» TASK GOAL
Go through the records underneath and write each one out again exactly.

» DATA UNDER STUDY
BEGIN

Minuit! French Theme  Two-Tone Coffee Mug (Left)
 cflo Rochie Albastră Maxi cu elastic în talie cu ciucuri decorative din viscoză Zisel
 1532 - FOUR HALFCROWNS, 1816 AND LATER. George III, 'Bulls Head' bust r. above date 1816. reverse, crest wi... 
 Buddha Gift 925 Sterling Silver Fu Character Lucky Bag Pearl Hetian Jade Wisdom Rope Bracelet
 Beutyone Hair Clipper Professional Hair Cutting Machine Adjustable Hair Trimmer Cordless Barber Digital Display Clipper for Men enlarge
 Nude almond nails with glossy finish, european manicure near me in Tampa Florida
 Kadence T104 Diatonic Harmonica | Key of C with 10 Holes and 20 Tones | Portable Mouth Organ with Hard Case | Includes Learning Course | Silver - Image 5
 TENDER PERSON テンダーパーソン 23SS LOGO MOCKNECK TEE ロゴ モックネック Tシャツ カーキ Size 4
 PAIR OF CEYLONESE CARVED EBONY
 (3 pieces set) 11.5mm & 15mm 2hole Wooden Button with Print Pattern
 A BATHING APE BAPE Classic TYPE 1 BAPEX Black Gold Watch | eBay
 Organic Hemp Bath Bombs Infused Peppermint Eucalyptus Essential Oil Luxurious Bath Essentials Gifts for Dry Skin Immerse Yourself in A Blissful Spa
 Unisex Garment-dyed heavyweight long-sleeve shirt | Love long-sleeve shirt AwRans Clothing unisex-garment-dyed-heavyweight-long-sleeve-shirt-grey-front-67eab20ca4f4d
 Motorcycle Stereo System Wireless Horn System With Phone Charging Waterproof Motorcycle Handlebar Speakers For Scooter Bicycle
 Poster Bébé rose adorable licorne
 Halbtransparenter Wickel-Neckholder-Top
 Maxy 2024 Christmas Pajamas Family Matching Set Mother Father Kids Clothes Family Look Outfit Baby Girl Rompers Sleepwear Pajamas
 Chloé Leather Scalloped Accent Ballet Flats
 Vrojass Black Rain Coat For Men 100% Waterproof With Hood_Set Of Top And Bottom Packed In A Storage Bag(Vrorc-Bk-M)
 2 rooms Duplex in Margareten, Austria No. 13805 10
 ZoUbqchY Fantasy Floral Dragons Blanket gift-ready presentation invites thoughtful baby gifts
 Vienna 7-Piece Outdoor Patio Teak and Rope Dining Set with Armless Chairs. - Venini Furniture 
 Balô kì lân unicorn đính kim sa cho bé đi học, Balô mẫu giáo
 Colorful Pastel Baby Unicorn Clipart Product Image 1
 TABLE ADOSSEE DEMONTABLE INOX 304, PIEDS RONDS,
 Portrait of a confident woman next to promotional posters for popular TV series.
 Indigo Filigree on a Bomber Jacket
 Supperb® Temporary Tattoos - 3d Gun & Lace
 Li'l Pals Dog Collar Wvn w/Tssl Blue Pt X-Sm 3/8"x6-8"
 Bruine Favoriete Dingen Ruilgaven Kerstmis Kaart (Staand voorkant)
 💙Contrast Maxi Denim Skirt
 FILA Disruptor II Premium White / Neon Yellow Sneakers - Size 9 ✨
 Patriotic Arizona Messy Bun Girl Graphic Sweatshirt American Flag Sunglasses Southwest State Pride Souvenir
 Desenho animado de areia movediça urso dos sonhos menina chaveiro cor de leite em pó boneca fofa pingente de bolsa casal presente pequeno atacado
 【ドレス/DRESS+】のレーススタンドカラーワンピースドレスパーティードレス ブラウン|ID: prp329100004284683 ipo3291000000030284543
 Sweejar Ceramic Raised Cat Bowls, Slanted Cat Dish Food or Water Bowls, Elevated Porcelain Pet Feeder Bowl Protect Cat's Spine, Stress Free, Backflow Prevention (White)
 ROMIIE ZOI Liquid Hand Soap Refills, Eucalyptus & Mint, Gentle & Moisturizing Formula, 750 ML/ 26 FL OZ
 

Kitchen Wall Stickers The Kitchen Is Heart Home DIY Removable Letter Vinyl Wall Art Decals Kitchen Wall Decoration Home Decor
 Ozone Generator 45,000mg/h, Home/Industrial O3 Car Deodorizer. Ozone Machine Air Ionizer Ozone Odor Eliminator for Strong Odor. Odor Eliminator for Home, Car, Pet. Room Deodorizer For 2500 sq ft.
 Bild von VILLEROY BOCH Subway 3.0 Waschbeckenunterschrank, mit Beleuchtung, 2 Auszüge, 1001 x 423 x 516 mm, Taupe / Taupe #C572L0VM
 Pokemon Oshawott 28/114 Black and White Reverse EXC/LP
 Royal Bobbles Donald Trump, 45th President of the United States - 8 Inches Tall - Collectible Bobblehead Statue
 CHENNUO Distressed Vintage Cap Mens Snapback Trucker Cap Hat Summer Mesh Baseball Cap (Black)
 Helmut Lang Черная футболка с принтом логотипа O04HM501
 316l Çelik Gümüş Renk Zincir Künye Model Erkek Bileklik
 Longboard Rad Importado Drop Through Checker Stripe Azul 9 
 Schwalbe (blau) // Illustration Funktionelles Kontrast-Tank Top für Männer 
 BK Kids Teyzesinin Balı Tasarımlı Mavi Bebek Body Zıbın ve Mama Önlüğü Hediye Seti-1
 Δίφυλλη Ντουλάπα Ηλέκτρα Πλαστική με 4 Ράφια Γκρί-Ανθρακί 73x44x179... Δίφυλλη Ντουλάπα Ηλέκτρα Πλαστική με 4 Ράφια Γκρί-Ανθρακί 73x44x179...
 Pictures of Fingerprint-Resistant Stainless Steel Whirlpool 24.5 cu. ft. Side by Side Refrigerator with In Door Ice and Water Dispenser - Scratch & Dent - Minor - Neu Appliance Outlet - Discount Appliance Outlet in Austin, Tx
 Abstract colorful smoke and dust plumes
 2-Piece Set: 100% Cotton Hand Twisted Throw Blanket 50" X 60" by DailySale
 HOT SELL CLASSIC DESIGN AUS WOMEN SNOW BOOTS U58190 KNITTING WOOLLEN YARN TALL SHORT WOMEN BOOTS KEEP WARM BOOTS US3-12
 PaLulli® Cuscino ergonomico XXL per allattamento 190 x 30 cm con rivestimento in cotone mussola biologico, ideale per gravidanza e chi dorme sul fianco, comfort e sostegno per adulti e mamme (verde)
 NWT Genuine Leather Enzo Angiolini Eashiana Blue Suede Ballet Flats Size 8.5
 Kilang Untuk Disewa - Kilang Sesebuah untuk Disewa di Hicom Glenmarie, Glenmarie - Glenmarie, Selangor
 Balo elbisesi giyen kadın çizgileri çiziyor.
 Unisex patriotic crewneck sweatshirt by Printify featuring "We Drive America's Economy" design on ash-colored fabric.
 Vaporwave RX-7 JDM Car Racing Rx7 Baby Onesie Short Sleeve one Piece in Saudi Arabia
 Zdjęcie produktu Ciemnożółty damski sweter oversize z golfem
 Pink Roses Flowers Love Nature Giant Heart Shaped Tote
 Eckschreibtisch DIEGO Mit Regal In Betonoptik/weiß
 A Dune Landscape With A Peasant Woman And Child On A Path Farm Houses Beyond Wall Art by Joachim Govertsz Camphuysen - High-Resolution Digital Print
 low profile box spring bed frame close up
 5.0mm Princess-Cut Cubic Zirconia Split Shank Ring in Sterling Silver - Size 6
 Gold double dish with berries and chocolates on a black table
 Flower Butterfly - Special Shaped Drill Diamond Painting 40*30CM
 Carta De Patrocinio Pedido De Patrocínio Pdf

END

» ANSWER TO THE PROBLEM
Minuit! French Theme  Two-Tone Coffee Mug (Left)
 cflo Rochie Albastră Maxi cu elastic în talie cu ciucuri decorative din viscoză Zisel
 1532 - FOUR HALFCROWNS, 1816 AND LATER. George III, 'Bulls Head' bust r. above date 1816. reverse, crest wi... 
 Buddha Gift 925 Sterling Silver Fu Character Lucky Bag Pearl Hetian Jade Wisdom Rope Bracelet
 Beutyone Hair Clipper Professional Hair Cutting Machine Adjustable Hair Trimmer Cordless Barber Digital Display Clipper for Men enlarge
 Nude almond nails with glossy finish, european manicure near me in Tampa Florida
 Kadence T104 Diatonic Harmonica | Key of C with 10 Holes and 20 Tones | Portable Mouth Organ with Hard Case | Includes Learning Course | Silver - Image 5
 TENDER PERSON テンダーパーソン 23SS LOGO MOCKNECK TEE ロゴ モックネック Tシャツ カーキ Size 4
 PAIR OF CEYLONESE CARVED EBONY
 (3 pieces set) 11.5mm & 15mm 2hole Wooden Button with Print Pattern
 A BATHING APE BAPE Classic TYPE 1 BAPEX Black Gold Watch | eBay
 Organic Hemp Bath Bombs Infused Peppermint Eucalyptus Essential Oil Luxurious Bath Essentials Gifts for Dry Skin Immerse Yourself in A Blissful Spa
 Unisex Garment-dyed heavyweight long-sleeve shirt | Love long-sleeve shirt AwRans Clothing unisex-garment-dyed-heavyweight-long-sleeve-shirt-grey-front-67eab20ca4f4d
 Motorcycle Stereo System Wireless Horn System With Phone Charging Waterproof Motorcycle Handlebar Speakers For Scooter Bicycle
 Poster Bébé rose adorable licorne
 Halbtransparenter Wickel-Neckholder-Top
 Maxy 2024 Christmas Pajamas Family Matching Set Mother Father Kids Clothes Family Look Outfit Baby Girl Rompers Sleepwear Pajamas
 Chloé Leather Scalloped Accent Ballet Flats
 Vrojass Black Rain Coat For Men 100% Waterproof With Hood_Set Of Top And Bottom Packed In A Storage Bag(Vrorc-Bk-M)
 2 rooms Duplex in Margareten, Austria No. 13805 10
 ZoUbqchY Fantasy Floral Dragons Blanket gift-ready presentation invites thoughtful baby gifts
 Vienna 7-Piece Outdoor Patio Teak and Rope Dining Set with Armless Chairs. - Venini Furniture 
 Balô kì lân unicorn đính kim sa cho bé đi học, Balô mẫu giáo
 Colorful Pastel Baby Unicorn Clipart Product Image 1
 TABLE ADOSSEE DEMONTABLE INOX 304, PIEDS RONDS,
 Portrait of a confident woman next to promotional posters for popular TV series.
 Indigo Filigree on a Bomber Jacket
 Supperb® Temporary Tattoos - 3d Gun & Lace
 Li'l Pals Dog Collar Wvn w/Tssl Blue Pt X-Sm 3/8"x6-8"
 Bruine Favoriete Dingen Ruilgaven Kerstmis Kaart (Staand voorkant)
 💙Contrast Maxi Denim Skirt
 FILA Disruptor II Premium White / Neon Yellow Sneakers - Size 9 ✨
 Patriotic Arizona Messy Bun Girl Graphic Sweatshirt American Flag Sunglasses Southwest State Pride Souvenir
 Desenho animado de areia movediça urso dos sonhos menina chaveiro cor de leite em pó boneca fofa pingente de bolsa casal presente pequeno atacado
 【ドレス/DRESS+】のレーススタンドカラーワンピースドレスパーティードレス ブラウン|ID: prp329100004284683 ipo3291000000030284543
 Sweejar Ceramic Raised Cat Bowls, Slanted Cat Dish Food or Water Bowls, Elevated Porcelain Pet Feeder Bowl Protect Cat's Spine, Stress Free, Backflow Prevention (White)
 ROMIIE ZOI Liquid Hand Soap Refills, Eucalyptus & Mint, Gentle & Moisturizing Formula, 750 ML/ 26 FL OZ
 

Kitchen Wall Stickers The Kitchen Is Heart Home DIY Removable Letter Vinyl Wall Art Decals Kitchen Wall Decoration Home Decor
 Ozone Generator 45,000mg/h, Home/Industrial O3 Car Deodorizer. Ozone Machine Air Ionizer Ozone Odor Eliminator for Strong Odor. Odor Eliminator for Home, Car, Pet. Room Deodorizer For 2500 sq ft.
 Bild von VILLEROY BOCH Subway 3.0 Waschbeckenunterschrank, mit Beleuchtung, 2 Auszüge, 1001 x 423 x 516 mm, Taupe / Taupe #C572L0VM
 Pokemon Oshawott 28/114 Black and White Reverse EXC/LP
 Royal Bobbles Donald Trump, 45th President of the United States - 8 Inches Tall - Collectible Bobblehead Statue
 CHENNUO Distressed Vintage Cap Mens Snapback Trucker Cap Hat Summer Mesh Baseball Cap (Black)
 Helmut Lang Черная футболка с принтом логотипа O04HM501
 316l Çelik Gümüş Renk Zincir Künye Model Erkek Bileklik
 Longboard Rad Importado Drop Through Checker Stripe Azul 9 
 Schwalbe (blau) // Illustration Funktionelles Kontrast-Tank Top für Männer 
 BK Kids Teyzesinin Balı Tasarımlı Mavi Bebek Body Zıbın ve Mama Önlüğü Hediye Seti-1
 Δίφυλλη Ντουλάπα Ηλέκτρα Πλαστική με 4 Ράφια Γκρί-Ανθρακί 73x44x179... Δίφυλλη Ντουλάπα Ηλέκτρα Πλαστική με 4 Ράφια Γκρί-Ανθρακί 73x44x179...
 Pictures of Fingerprint-Resistant Stainless Steel Whirlpool 24.5 cu. ft. Side by Side Refrigerator with In Door Ice and Water Dispenser - Scratch & Dent - Minor - Neu Appliance Outlet - Discount Appliance Outlet in Austin, Tx
 Abstract colorful smoke and dust plumes
 2-Piece Set: 100% Cotton Hand Twisted Throw Blanket 50" X 60" by DailySale
 HOT SELL CLASSIC DESIGN AUS WOMEN SNOW BOOTS U58190 KNITTING WOOLLEN YARN TALL SHORT WOMEN BOOTS KEEP WARM BOOTS US3-12
 PaLulli® Cuscino ergonomico XXL per allattamento 190 x 30 cm con rivestimento in cotone mussola biologico, ideale per gravidanza e chi dorme sul fianco, comfort e sostegno per adulti e mamme (verde)
 NWT Genuine Leather Enzo Angiolini Eashiana Blue Suede Ballet Flats Size 8.5
 Kilang Untuk Disewa - Kilang Sesebuah untuk Disewa di Hicom Glenmarie, Glenmarie - Glenmarie, Selangor
 Balo elbisesi giyen kadın çizgileri çiziyor.
 Unisex patriotic crewneck sweatshirt by Printify featuring "We Drive America's Economy" design on ash-colored fabric.
 Vaporwave RX-7 JDM Car Racing Rx7 Baby Onesie Short Sleeve one Piece in Saudi Arabia
 Zdjęcie produktu Ciemnożółty damski sweter oversize z golfem
 Pink Roses Flowers Love Nature Giant Heart Shaped Tote
 Eckschreibtisch DIEGO Mit Regal In Betonoptik/weiß
 A Dune Landscape With A Peasant Woman And Child On A Path Farm Houses Beyond Wall Art by Joachim Govertsz Camphuysen - High-Resolution Digital Print
 low profile box spring bed frame close up
 5.0mm Princess-Cut Cubic Zirconia Split Shank Ring in Sterling Silver - Size 6
 Gold double dish with berries and chocolates on a black table
 Flower Butterfly - Special Shaped Drill Diamond Painting 40*30CM
 Carta De Patrocinio Pedido De Patrocínio Pdf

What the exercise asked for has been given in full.